Justice Maria Carroccia found Michael McLeod, Carter Hart, Alex Formenton, Dillon Dubé and Cal Foote not guilty of sexual assaulting a woman in a London, Ont., hotel room in 2018. The team and hockey officials were in the city to celebrate the Canadian team's gold-medal win months earlier.
For the eight-week trial, the complainant was referred to as E.M., as her identity is protected under a standard publication ban.
The Ontario Ministry of the Attorney General has 30 days to file a notice of appeal of a judge or jury's rulings.
Jessie Rodger, who heads Anova, an London, Ont., organization that helps survivors of gender-based violence, said the Crown's decision serves as "another painful reminder of how deeply the legal system fails survivors of sexual assault over and over again."
"For once, it would have been powerful to see a part of the legal system stand up for women and all victims of sexual assault. That's what an appeal could have represented," Rodger said in a statement. "The decision not to appeal reinforces the same silence and dismissal survivors have faced for generations."
Carroccia ruled that E.M.'s evidence was neither reliable nor credible and the Crown failed to prove she didn't consent to the sexual activity she said occurred against her consent.
Formenton's lawyer, Dan Brown, told CBC News he was notified by the Crown earlier Thursday afternoon about the decision not to appeal.
Brown said he would not be making a statement about the decision.
CBC News has reached out to lawyers who represented the other players as well as E.M.'s lawyer, and will update this story if they make any statements.
Hockey Canada officials said they would not comment on the no-appeal development.
The trial and Carroccia's 90-page judgment sent a message to survivors of sexual assault that "the system is not built for justice," Rodger wrote in the statement.
"It means the bar set by our current legal system is impossibly high for sexual assault survivors to meet....The decision not to appeal "reinforces the message that the legal system is not broken. It is working as it was intended — to harm, silence and revictimize."
Daphne Gilbert, a law professor at the University of Ottawa who researches violence in sport, said she wasn't surprised there will be no appeal.
"Justice Carrocia appeal-proofed her judgment when she based it entirely on her assessment of the credibility of the complainant," Gilbert told CBC News. "A Court of Appeal cannot disturb credibility findings unless they are patently biased or unfair.
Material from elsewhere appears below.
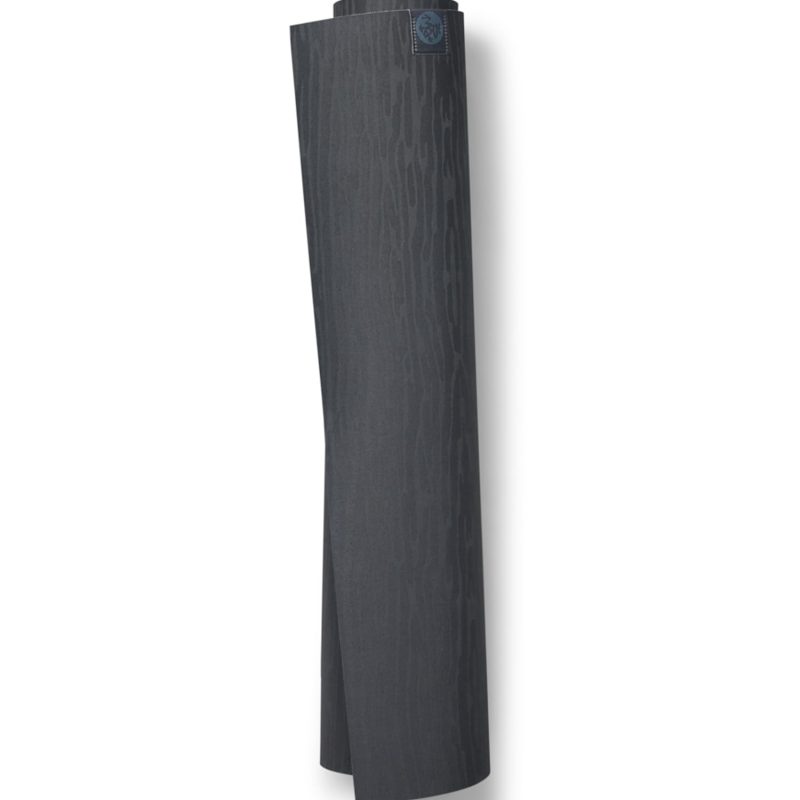 Charcoal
Once she said she disbelieved the complainant, it was game over."
There were also no blatant legal errors in Carroccia's decision, she added.
"I think that E.M. will have a profound legacy. Everywhere I turn, people are calling for reform of the process," Gilbert said. "Never mind alternative processes like restorative justice — people want reform to the criminal justice system and I believe it can happen. I think that ultimately E.M. will be seen as the catalyst for change."
Carroccia's decisions marked the end of a trial that saw two juries being discharged, and took many twists and turns in attracting interest from around the world.
In reaching her decisions, she spent hours recounting all of the evidence heard at the trial, focusing on memory gaps and discrepancies between E.M.'s evidence this year and her civil lawsuit against Hockey Canada in 2022.
After the decisions were handed down, Carroccia told the five former players — who all at one time had NHL careers — that they were free to go.
Defence lawyers called the ruling a "vindication," "exoneration" and foregone conclusion based on the evidence.
In a statement at the time, E.M. said the judge's decision was devastating. Her treatment under cross-examination by lawyers for the five former players was decried by advocates for survivors who said the days E.M. spent getting grilled by lawyers was one example of why many women don't report sexual assaults.
In 2023, a third-party adjudicative panel hired to look at possible sanctions against the world junior players concluded its probe, but Hockey Canada has not released the findings as they are still being appealed.